Voters have foreclosed one option for a Biden presidency: the liberal steamroller. Two remain open. Biden could try to govern the way Obama and Trump did after they lost control of the House: by relying on executive action. Both presidents felt able to secure only a fraction of their agenda that way, though, and the courts limited them further. Biden will surely push forward with some unilateral action, too, and especially will rescind Trump orders. He’ll restore Obama-era rules on immigration and Planned Parenthood funding, for example. But he must know that executive action is not a formula for a successful presidency.
The alternative would be to make bipartisan deals. When Biden has talked about his past involvement in such deals, a lot of progressives rolled their eyes at the old man’s nostalgia. But he may know something they don’t: McConnell isn’t actually opposed to deal-making, provided it’s of the right type.
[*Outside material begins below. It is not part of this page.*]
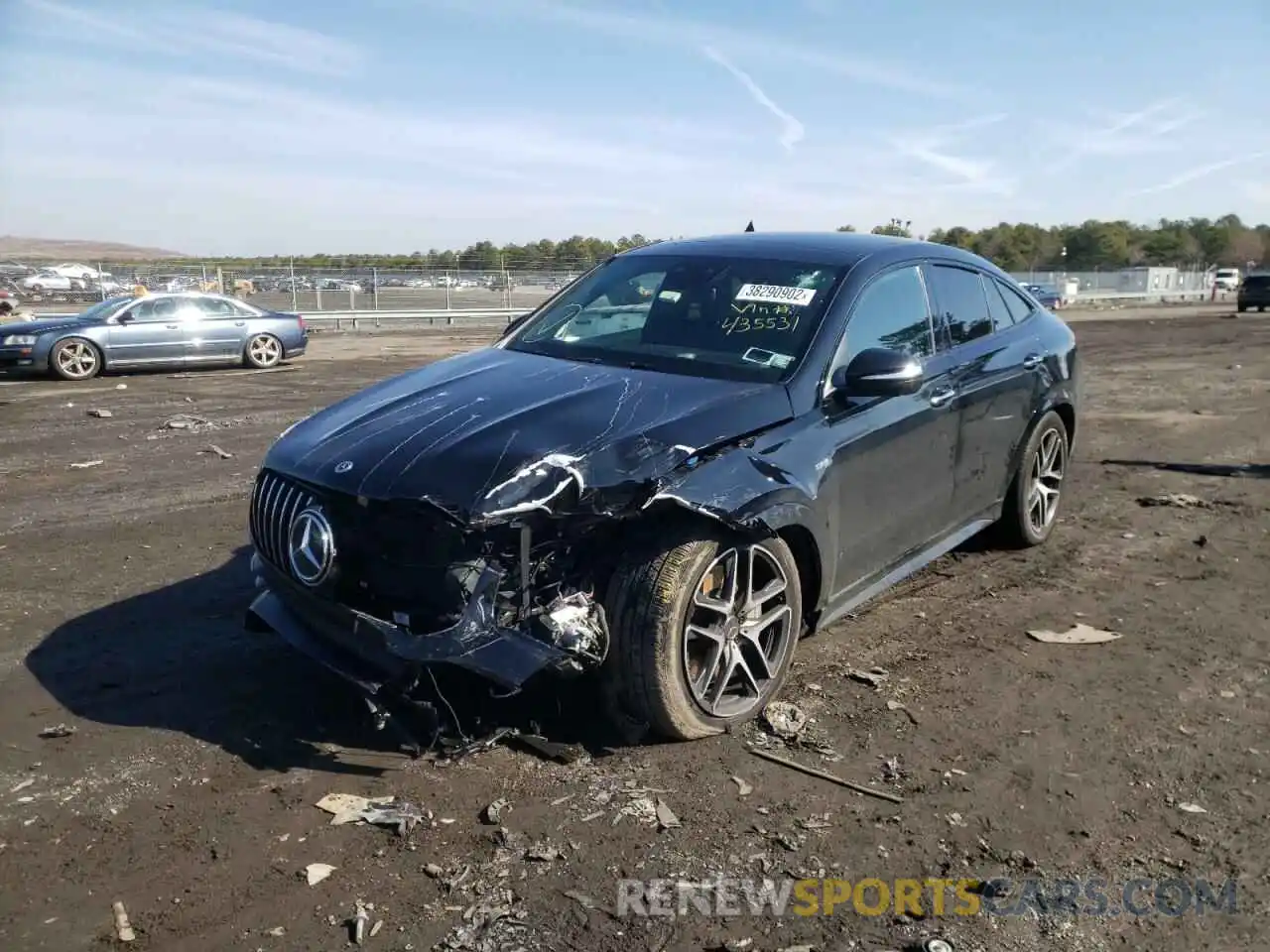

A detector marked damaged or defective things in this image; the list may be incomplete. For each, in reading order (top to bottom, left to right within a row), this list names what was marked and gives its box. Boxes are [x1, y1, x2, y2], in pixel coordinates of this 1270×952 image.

cracked hood [268, 345, 794, 516]
damaged black mercedes-benz [248, 232, 1080, 746]
crumpled front bumper [244, 551, 579, 690]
There were two kinds of bipartisan cooperation during the Obama years, when Biden was vice president. In one, Democrats picked off a few Republicans to eke out a majority. McConnell did his best to block that kind of deal, which he believed put a patina of bipartisanship on essentially Democratic legislation. The other kind of bipartisanship involved legislation that had widespread Republican support. Sometimes that was because Republicans had favored similar legislation for years: Trade deals passed under Obama with more Republican than Democratic votes.